Bureau de Change 'elevates the humble brick' in this North London 'Step House'
Instead of the more expected glass structure, this innovative addition reimagines the conventional terraced-house extension, celebrating and elevating the humble brick. The brick’s inherent potential as a stackable module is maximised to create a more sculptural expression of the material.
Using bricks reclaimed from the fabric of the house, the extension exploits the rights of light diagram to create a staggered, extruded form that appears to melt away from the existing structure. This rhythmic stepping generated by the brick is echoed throughout the interior and is integrated in both the plan and section. Viewed from the terrace above, the form creates a striking silhouette – a feature rare in more straightforward additions.

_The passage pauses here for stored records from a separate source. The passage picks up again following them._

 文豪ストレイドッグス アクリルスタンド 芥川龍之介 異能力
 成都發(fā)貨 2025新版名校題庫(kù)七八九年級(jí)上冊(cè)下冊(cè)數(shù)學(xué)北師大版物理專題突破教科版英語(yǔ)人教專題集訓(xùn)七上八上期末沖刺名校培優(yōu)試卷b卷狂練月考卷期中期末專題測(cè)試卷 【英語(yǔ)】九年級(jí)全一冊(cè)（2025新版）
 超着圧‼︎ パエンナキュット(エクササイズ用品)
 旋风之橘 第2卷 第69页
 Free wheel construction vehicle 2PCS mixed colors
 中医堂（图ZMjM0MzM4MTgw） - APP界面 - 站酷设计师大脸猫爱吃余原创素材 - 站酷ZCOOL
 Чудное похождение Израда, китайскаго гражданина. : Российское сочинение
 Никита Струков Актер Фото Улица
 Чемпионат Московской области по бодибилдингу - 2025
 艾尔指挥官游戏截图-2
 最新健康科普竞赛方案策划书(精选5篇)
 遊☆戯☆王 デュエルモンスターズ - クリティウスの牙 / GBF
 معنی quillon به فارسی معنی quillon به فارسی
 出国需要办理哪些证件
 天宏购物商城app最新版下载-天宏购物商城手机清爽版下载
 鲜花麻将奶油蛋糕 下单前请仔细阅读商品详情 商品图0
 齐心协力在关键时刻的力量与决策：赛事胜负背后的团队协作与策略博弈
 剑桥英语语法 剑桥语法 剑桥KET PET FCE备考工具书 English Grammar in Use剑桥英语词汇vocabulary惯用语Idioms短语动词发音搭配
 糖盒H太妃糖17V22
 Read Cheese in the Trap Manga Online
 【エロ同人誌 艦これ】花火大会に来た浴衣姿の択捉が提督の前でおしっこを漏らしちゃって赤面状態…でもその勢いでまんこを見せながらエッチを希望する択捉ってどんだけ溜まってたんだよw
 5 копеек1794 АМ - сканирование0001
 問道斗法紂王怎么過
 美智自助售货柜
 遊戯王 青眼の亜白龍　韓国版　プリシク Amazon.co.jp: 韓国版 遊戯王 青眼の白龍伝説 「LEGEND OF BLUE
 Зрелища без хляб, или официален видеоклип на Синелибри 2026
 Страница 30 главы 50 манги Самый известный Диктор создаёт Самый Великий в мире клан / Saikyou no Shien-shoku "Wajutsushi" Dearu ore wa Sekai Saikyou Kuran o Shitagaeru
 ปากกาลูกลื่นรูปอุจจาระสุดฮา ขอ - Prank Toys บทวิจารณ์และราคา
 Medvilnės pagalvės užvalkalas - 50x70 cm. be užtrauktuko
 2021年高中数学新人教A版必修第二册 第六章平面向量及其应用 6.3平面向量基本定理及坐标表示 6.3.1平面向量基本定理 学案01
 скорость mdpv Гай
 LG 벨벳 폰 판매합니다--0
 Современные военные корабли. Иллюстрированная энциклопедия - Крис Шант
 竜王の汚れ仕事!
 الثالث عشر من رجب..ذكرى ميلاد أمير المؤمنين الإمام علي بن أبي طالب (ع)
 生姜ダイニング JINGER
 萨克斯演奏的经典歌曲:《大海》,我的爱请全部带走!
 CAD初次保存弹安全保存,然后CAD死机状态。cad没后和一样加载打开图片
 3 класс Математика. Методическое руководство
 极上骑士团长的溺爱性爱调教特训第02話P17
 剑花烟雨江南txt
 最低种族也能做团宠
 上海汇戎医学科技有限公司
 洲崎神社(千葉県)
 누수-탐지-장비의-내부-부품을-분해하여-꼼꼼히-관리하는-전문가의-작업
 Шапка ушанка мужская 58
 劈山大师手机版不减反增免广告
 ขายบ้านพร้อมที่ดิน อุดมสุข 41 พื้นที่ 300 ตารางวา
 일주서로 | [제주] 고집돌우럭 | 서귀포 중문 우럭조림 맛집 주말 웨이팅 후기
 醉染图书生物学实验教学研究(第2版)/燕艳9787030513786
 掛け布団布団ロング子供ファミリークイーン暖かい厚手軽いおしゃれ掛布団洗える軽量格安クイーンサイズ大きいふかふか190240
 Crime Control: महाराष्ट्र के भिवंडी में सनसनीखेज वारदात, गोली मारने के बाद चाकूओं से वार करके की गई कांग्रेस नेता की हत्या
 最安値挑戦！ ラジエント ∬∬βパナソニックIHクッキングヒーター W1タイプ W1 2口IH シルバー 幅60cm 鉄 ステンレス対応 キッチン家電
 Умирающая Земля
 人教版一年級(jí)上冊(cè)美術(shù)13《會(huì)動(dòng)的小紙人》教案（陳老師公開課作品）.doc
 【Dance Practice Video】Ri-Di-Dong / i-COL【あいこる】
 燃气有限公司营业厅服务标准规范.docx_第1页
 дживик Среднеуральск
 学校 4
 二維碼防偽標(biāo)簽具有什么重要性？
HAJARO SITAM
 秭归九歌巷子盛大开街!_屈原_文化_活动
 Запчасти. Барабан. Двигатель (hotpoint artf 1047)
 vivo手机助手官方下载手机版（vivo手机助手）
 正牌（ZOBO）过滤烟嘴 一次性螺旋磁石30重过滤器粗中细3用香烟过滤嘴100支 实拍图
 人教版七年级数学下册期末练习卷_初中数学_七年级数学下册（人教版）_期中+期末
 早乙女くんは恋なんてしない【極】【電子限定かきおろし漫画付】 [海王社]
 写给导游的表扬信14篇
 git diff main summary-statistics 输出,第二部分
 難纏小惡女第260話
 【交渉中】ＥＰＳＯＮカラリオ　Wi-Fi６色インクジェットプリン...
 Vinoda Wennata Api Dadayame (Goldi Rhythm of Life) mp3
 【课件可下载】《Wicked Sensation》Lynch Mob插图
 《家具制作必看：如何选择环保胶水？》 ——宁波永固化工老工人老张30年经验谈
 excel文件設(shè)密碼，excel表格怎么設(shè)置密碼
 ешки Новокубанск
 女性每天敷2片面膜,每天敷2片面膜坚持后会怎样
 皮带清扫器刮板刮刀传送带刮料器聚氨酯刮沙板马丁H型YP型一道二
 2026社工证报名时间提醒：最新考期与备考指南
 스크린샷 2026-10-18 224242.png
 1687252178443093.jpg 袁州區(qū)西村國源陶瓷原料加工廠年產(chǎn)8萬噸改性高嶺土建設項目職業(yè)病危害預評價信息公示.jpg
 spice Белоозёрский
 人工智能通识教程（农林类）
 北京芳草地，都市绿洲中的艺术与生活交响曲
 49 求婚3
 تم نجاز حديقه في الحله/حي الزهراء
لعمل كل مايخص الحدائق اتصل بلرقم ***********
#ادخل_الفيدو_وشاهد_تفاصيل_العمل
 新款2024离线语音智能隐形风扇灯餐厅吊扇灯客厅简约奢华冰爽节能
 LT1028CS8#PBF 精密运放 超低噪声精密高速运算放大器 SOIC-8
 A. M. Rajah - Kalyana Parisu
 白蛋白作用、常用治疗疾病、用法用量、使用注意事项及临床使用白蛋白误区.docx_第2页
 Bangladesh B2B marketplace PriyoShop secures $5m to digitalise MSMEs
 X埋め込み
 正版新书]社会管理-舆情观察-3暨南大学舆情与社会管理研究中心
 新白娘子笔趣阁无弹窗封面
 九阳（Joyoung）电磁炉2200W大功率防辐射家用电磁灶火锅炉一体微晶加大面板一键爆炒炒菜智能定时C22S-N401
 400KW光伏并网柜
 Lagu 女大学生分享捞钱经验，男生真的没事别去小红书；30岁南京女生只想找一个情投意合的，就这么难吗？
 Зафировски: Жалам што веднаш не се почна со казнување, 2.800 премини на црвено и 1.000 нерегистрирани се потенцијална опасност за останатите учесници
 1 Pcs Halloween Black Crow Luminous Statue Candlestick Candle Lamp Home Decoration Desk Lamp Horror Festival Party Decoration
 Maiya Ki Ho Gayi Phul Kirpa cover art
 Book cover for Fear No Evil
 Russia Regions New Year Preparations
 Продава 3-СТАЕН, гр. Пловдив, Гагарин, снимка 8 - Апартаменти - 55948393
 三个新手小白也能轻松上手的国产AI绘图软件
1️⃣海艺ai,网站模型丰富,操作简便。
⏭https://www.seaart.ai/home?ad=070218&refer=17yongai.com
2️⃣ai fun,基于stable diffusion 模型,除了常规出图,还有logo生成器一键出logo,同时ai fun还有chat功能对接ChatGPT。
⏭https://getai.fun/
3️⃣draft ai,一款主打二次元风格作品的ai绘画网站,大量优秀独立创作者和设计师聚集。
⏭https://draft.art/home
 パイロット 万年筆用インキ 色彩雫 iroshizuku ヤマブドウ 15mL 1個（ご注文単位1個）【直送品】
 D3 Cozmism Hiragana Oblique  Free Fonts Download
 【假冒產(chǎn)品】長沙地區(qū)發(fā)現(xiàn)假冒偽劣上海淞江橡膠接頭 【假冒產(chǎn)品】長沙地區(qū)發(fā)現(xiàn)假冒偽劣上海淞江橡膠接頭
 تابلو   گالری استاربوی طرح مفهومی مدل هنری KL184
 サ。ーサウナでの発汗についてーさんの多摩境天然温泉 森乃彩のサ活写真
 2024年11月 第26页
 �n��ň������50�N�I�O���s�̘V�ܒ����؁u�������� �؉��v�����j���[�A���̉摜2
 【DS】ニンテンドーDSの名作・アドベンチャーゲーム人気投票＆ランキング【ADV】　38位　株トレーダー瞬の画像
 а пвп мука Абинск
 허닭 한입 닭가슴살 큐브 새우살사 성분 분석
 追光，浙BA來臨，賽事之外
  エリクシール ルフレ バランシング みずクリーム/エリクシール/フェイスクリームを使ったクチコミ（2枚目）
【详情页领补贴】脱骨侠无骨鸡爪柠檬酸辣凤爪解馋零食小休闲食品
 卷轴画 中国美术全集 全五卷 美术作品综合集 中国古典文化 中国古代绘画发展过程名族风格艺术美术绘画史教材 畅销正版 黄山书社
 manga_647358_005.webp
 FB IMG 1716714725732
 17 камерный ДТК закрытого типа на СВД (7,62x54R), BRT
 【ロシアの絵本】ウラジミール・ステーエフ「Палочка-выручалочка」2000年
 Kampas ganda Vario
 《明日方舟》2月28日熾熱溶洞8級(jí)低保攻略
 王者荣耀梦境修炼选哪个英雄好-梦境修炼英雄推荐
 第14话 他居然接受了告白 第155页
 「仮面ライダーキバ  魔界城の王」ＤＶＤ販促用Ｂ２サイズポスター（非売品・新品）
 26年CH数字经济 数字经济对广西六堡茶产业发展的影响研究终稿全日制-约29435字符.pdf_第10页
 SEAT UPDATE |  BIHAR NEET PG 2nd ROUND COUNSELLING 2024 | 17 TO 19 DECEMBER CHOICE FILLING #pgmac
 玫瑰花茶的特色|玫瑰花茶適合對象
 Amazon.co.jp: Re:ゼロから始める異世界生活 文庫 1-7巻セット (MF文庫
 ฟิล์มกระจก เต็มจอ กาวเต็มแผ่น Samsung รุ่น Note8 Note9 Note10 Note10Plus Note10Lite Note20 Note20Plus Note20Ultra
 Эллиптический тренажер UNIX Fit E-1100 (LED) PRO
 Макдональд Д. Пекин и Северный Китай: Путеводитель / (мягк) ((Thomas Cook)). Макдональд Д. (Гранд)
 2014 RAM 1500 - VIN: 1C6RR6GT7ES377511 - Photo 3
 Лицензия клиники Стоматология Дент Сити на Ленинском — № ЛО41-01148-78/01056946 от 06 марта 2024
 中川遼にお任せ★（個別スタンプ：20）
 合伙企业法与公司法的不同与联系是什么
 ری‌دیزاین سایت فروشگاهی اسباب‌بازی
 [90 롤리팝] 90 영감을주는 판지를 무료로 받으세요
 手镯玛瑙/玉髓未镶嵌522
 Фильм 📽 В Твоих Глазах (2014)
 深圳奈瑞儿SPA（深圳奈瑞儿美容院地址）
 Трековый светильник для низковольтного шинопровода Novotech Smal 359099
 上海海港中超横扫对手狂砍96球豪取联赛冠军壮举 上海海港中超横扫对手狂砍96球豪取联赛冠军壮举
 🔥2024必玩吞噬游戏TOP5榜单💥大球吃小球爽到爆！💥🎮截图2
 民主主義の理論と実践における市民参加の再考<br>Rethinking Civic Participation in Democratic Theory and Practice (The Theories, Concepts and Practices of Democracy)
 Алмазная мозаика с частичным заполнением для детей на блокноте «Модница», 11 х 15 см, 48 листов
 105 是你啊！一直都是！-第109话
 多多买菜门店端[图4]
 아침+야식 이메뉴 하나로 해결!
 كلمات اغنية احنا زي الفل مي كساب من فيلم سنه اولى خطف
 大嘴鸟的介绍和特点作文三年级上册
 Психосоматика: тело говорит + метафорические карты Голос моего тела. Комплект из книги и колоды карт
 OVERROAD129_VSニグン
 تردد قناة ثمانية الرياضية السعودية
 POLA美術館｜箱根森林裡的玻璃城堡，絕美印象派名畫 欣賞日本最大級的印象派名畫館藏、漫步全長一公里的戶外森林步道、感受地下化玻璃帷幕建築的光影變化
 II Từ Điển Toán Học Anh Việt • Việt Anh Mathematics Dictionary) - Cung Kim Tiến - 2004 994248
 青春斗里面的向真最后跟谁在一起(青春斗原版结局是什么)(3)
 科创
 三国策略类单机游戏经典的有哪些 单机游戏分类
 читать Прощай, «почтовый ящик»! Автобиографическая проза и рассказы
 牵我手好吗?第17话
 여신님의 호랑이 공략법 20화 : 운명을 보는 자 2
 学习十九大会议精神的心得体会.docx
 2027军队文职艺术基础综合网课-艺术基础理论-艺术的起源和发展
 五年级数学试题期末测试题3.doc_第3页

The standard layout has been flipped, with the kitchen taking its new place at the front of the house – an often underused, forgotten space. Here, the original features of the house are retained, emphasised by dark colours and material tones. Moving onward, the spaces unfold in a sequence from dark to light – intensifying the bright, voluminous feel of the addition. In the centre, the dining room is marked by a change in floor treatment: narrow timber planks with aligned seams transition between the smooth concrete of the kitchen and the roughly-grained concrete of the extension. A light-well ensures the full depth of the plan is bright, and provides a moment of pause within the interior. Here, where faceted glass meets stepped brick, the geometry of the concept is accentuated.
Working closely with the structural engineers, an entirely column-free space has been created in the extension, using laser-cut, double-direction stepped beams to support the first floor. The structure of the addition is integrated into the design from the start – working hand-in-hand to create the appearance of a first floor that is sunken into the extension.
The brick, left exposed inside and out, is celebrated in a way that respects the existing house while clearly departing from the traditional language of the historic architecture.